Profil dan Harta Kekayaan Wabup Klaten Benny Indra Ardhianto yang Wafat di RSUP Kariadi
- Istimewa
Klaten, tvOnenews.com - Kabupaten Klaten berduka. Wakil Bupati Klaten, Benny Indra Ardhianto, meninggal dunia di RSUP dr. Kariadi Semarang pada Sabtu (7/2/2026). Kepergian tokoh muda berusia 34 tahun itu mengejutkan banyak pihak, mengingat masa jabatannya sebagai wakil kepala daerah baru berjalan sekitar satu tahun.
Kabar duka tersebut dibenarkan oleh Pelaksana Tugas (Plt) Kepala Bagian Protokol dan Komunikasi Pimpinan (Prokopim) Setda Klaten, Rizqan Iryawan. “Benar (meninggal dunia). Kami menerima kabar sekitar jam 10 pagi ini,” ujarnya saat dikonfirmasi.
Seiring dengan kabar wafatnya, perhatian publik turut tertuju pada profil serta rekam jejak Benny Indra Ardhianto, termasuk laporan harta kekayaannya sebagai penyelenggara negara.
Profil Singkat Benny Indra Ardhianto
Benny Indra Ardhianto lahir pada 14 April 1992 dan merupakan kader Partai Gerakan Indonesia Raya (Gerindra). Ia resmi dilantik sebagai Wakil Bupati Klaten periode 2025–2030 pada 20 Februari 2025 oleh Presiden Prabowo Subianto di Istana Negara, Jakarta, mendampingi Hamenang Wajar Ismoyo sebagai Bupati Klaten.
Dalam Pemilihan Kepala Daerah (Pilkada) Klaten 2024, pasangan Hamenang–Benny meraih kemenangan dengan perolehan 395.092 suara atau sekitar 52,63 persen dari total suara sah, mengungguli pasangan pesaing.

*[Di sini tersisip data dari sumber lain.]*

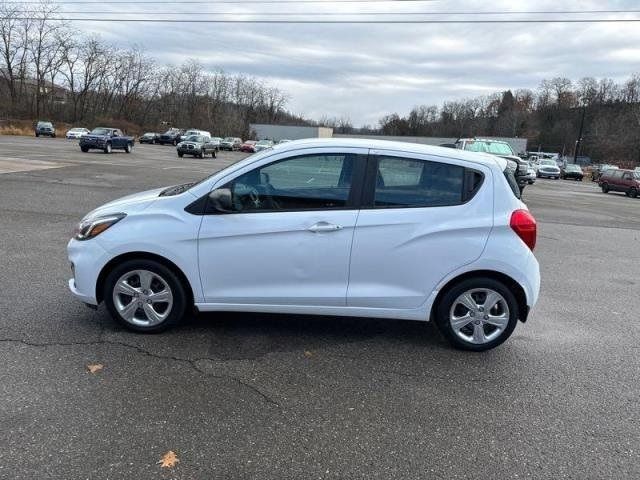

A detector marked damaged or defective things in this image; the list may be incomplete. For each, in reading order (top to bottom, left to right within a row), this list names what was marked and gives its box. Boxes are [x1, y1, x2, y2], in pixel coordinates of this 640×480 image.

crack in asphalt [0, 338, 280, 408] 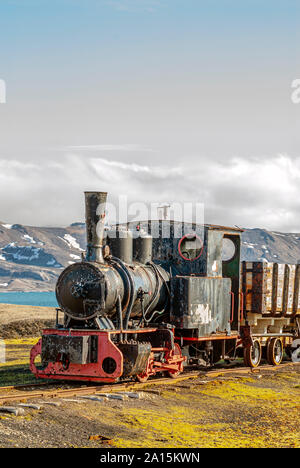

Sebagai putra daerah, Benny menghabiskan masa kecil dan pendidikan dasarnya di Kabupaten Klaten. Ia menempuh pendidikan di SD Negeri 1 Delanggu, SMP Negeri 1 Delanggu, dan SMA Negeri 1 Klaten sebelum melanjutkan studi ke Universitas Gadjah Mada (UGM), Yogyakarta. Di kampus tersebut, ia meraih gelar Sarjana Ekonomi pada 2015 dan Magister Manajemen pada 2019.
Dari Pengusaha Muda ke Wakil Kepala Daerah
Sebelum terjun ke dunia politik, Benny dikenal sebagai pengusaha muda. Ia menjabat sebagai Presiden Direktur PT Benny Putra Mandiri yang bergerak di bidang distribusi gas elpiji. Selain itu, ia juga mengelola sejumlah unit usaha lokal, antara lain Arena Kuliner Delanggu serta Sentral Oli dan Motor Delanggu.
Kiprahnya di dunia usaha membuat Benny cukup dikenal di kalangan pelaku UMKM dan komunitas bisnis daerah. Ia juga aktif dalam berbagai organisasi, termasuk sebagai Region Coordinator Agen, SPPBE, dan Retester Elpiji 3 Kg di bawah naungan Hiswana Migas Kabupaten Klaten. Benny turut tergabung dalam Paguyuban Pertshop Jawa Tengah–DIY serta sejumlah komunitas sosial dan ekonomi lokal.
Ketertarikannya pada dunia politik mulai tampak sejak 2019, ketika ia bergabung dengan Partai Gerindra. Karier politiknya kemudian menanjak hingga akhirnya terpilih sebagai Wakil Bupati Klaten dalam Pilkada 2024.
Laporan Harta Kekayaan Benny Indra Ardhianto
Sebagai pejabat publik, Benny Indra Ardhianto tercatat telah menyampaikan Laporan Harta Kekayaan Penyelenggara Negara (LHKPN) khusus awal menjabat pada 30 Maret 2025. Laporan tersebut berstatus verifikasi administratif lengkap dan mencatat total kekayaan sebesar Rp1.780.000.000 tanpa memiliki utang.
Berikut rincian harta kekayaan Benny Indra Ardhianto berdasarkan LHKPN:
A. Tanah dan Bangunan: Rp1.380.000.000
-
Tanah 851 m² di Klaten, hasil sendiri: Rp210.000.000
-
Tanah 445 m² di Klaten, hasil sendiri: Rp180.000.000
-
Tanah dan bangunan 1.183 m²/400 m² di Klaten, hasil sendiri: Rp390.000.000
-
Tanah 2.165 m² di Klaten, hasil sendiri: Rp250.000.000
-
Tanah dan bangunan 763 m²/300 m² di Klaten, hasil sendiri: Rp350.000.000
B. Alat Transportasi dan Mesin: Rp170.000.000
-
Mobil Honda minibus tahun 2017, hasil sendiri: Rp170.000.000
C. Harta Bergerak Lainnya: –
D. Surat Berharga: –
E. Kas dan Setara Kas: Rp230.000.000
F. Harta Lainnya: –
Total Harta Kekayaan: Rp1.780.000.000
Utang: Nihil
Wafat di Usia Muda
Benny Indra Ardhianto meninggal dunia saat menjalani perawatan di RSUP dr. Kariadi Semarang. Pihak Pemerintah Kabupaten Klaten tidak merinci penyakit yang diderita almarhum dan menyebut hal tersebut sebagai ranah privasi keluarga.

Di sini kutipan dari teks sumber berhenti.